“The grainy, faded lens of mystery”: Thoughts while reading The Quarry Girls by Jess Lourey

The Quarry Girls by Jess Lourey

Last week, I started reading The Quarry Girls by Jess Lourey. I bought this book after Bree, on the sadly abandoned podcast, Among the Dirt and Trees, mentioned it in one of her episodes. (Bree, if you read this, I would love more of the podcast!)

Anywho.

While I am enjoying the story, I somehow stepped into a bit of a reading slump this past week. I don’t know how this happened, because I was hitting a pretty good stride where I was reading a lot more and a lot faster than I had been.

Alas.

Regardless of my recent irregular reading patterns, I’m enjoying this book for a few different reasons.

First of all, there is a young adult element. I don’t think it’s meant to be a young adult book as it’s labeled a thriller on the cover, but the main protagonist is a teenaged girl living in 1970s Minnesota during a time when serial killers seemed to run rampant. Lourey writes in her author’s note that this period was a precarious time for the teenaged experience as she spent part of her formative years in Saint Cloud where three killers were active during her time there. She said the book is in part due to “[making] sense of my childhood, to help me understand the fear in my community and in my home.”

Which brings me to the next aspect of this book that I appreciate: using the backdrop of one’s childhood to frame a fictional story and to, by extension, try to make sense of what we could not in the past. Unlike Lourey, I did not grow up in an area with three serial killers on the loose. My first experience with violent murder came through media reports of JonBenét Ramsey’s death. I know, I know. Everyone talks about this one being their entryway to true crime. But I was six at the time, the same age she had been, and my young, tender brain tried very hard to grapple with what news anchors were saying happened to her and how something like that could happen to me—a little white blonde girl. She was in pageants; I was in dance. You can see how I would relate, however superficially.

I began to perceive my life experience through the grainy, faded lens of mystery. I became fascinated with what went on in the dark, behind closed doors. That sounds sick, doesn’t it? I didn’t, and don’t, find it pleasurable, but I did, and do, find it curious—how people can do such unhappy things to each other, how some people do actually take pleasure in it. What makes the mind tip in that direction? And how frustrating the answer can be sometimes—how sometimes people are just evil, but sometimes people simply make bad choices.

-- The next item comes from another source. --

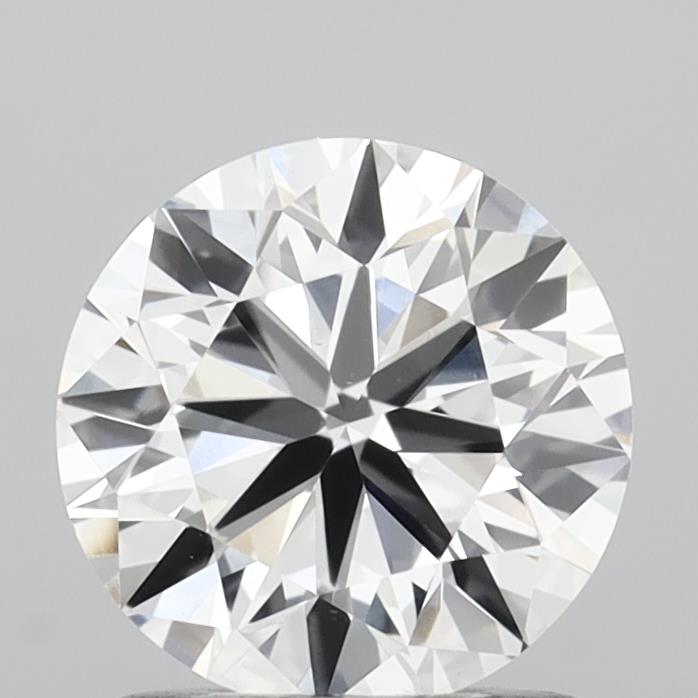1.21 Carat Round Shaped, Very Good Cut, D Color, VVS2 Clarity, IGI Certified Lab Grown Diamond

So I am often drawn to books like this because they reflect my own experiences. I do not live, and never have lived, a Hallmark movie kind of existence. To me, only really lucky, fortunate people grow up without witnessing the violent undertones of daily life, and even then I’m not sure anyone ever escapes it. Innocence always has its time in the sun, but sooner or later it gets burned. Loss of innocence is a thematic right of passage in our society because it is so prevalent in our personal histories. At a certain stage, it becomes harder and harder to negate the darker aspects of life.

Our pasts are often riddled with little, if not significant, traumas. While I currently live a fairly laidback, agreeable lifestyle it doesn’t mean I forget those disquieting instances. Rather, the way I live now is in response to them. Perhaps my life is one big cop-out, but I like to think of it a little more gently. Because some people wake up and actually choose violence.